Seven years ago this month I started writing this blog. On September 18, 2012 this blog became official.
That was the year that I offered up my DNA to Dr. Andrew Jackson, from Scotland, the only doctor to ever come up to me at a convention and say “you have Saul Wilson Syndrome.” To which I replied “you know about my dwarfism.” Dr. Jackson had in fact heard about Saul Wilson Syndrome but only because he had read the very few medical articles that had been written at that time.
Now to paint a picture here this was a great shock to me, my mom and my aunt because at that time there were only two medical articles that had been written about SWS and I was in one of those articles. The other one was the original. For someone to have actually read those two articles and have an interest in learning more…was a miracle to me.

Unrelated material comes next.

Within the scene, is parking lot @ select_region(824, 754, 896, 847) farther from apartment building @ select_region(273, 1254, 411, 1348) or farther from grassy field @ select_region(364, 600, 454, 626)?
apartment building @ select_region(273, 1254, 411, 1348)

For years I had gone to these conventions and no doctor had ever had such an interest or even had heard about SWS. This was the turning point for Saul Wilson Syndrome and this was where it all started.
A doctor willing to help and me with the determination to get answers. I had the dwarfism he had the knowledge to help. It was at this point that my aunt told me “you need to start your blog.”
Now seven years later and we know the gene that causes SWS and we now have 14 confirmed diagnosis.
When I look back on these last seven years it truly amazes me at how much we have learned. Seven years ago I would type Saul Wilson Syndrome into google and the only thing you could find was the two articles written in the 90s.
Now you type Saul Wilson Syndrome into google and my blog comes up, the recent studies that have been done come up, the original articles come up. Finally the research and information is out there for others to find. That is truly a blessing. Finally answers!